Il migliore della settimana: Fabio Castano, 35 anni
MENTRE IL GATTO mi chiede a gran voce una razione di coccole, io penso a Fellini e c’era da aspettarselo. Non è per la facile assonanza Fellini–felini che ho unito le due immagini, anche se il Maestro Federico me lo sono sempre immaginato come un gatto della cinematografia: scaltro, acuto, solitario, flessibile, adattabile. In questo agosto ho deciso di viaggiare così: immergendomi dalla testa ai piedi nel talento del grande riminese, inventore di parole, luoghi dell’anima, gesti, modi di dire. E allora sono partito proprio da Rimini, da quei Vitelloni che, come i ragazzi d’oggi, fanno fatica a vedere una meta. Dall’Alberto Sordi che si sporge dal tettuccio dell’auto e, sprezzante, lancia una pernacchia e fa il gesto dell’ombrello ai «Lavoratori» a lato della strada. NEL MIO VIAGGIO estivo ho seguito la
Cabiria – Giulietta Masina nelle notti delle periferie romane, quando incontra Amedeo Nazzari e sogna con lui una vita migliore.

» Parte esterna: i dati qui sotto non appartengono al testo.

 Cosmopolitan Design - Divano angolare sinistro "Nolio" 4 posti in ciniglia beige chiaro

L’ho vista cadere e rialzarsi, cadere ancora, rialzarsi ancora, in un esercizio di resilienza (termine oggi così in voga) che è sintetizzato nel suo sguardo finale in macchina: un inno alla vita.

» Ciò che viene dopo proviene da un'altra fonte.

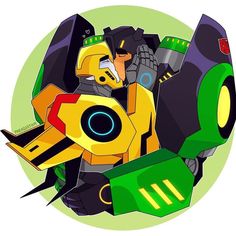 an image of a robot that is in the middle of a circular frame with green and yellow colors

A Roma son rimasto invischiato nella Dolce Vita del reporter Marcello, un Ulisse alla deriva nella decadenza romana Anni 60, con la bellezza lattea di Anita Ekberg che dalla Fontana di Trevi lo chiama, come una sirena: «Marcello, come here!».
Mi sono immerso, in una sera afosa, nella crisi umana e artistica del regista di 8½ che alla conferenza stampa tanto attesa da tutti, con la struttura scenica alle spalle per il lancio del razzo, cerca di scappare dalle pressioni nascondendosi sotto un tavolo. Poi ho partecipato al girotondo finale: il più famoso della storia del cinema.
Son tornato a Rimini nei ricordi di Amarcord, con la Gradisca, la tabaccaia dal seno gulliveriano e lo zio matto, Ciccio Ingrassia, che si arrampica sull’albero a gridare per tutto il giorno: «Voglio una donna!».
A ottobre saranno venticinque anni che Fellini è partito: dico partito perché uno così cambia solo di stanza, non può mica morire.
IN QUESTO AGOSTO Federico Fellini ed io abbiamo fatto un viaggio insieme: ho conosciuto meglio il coraggio di un talento in grado di esprimere, senza ripensamenti, tutta la sua forza creativa. Mentre il gatto è salito sul divano e si sta prendendo le agognate carezze, sta per finire La voce della luna con il sussurro del Roberto Benigni–Ivo Salvini: «Eppure io credo che se ci fosse un po’ più di silenzio, se tutti facessimo un po’ di silenzio, forse qualcosa potremmo capire». Grazie per questa estate e per il passaggio tra i tuoi sogni, Federico.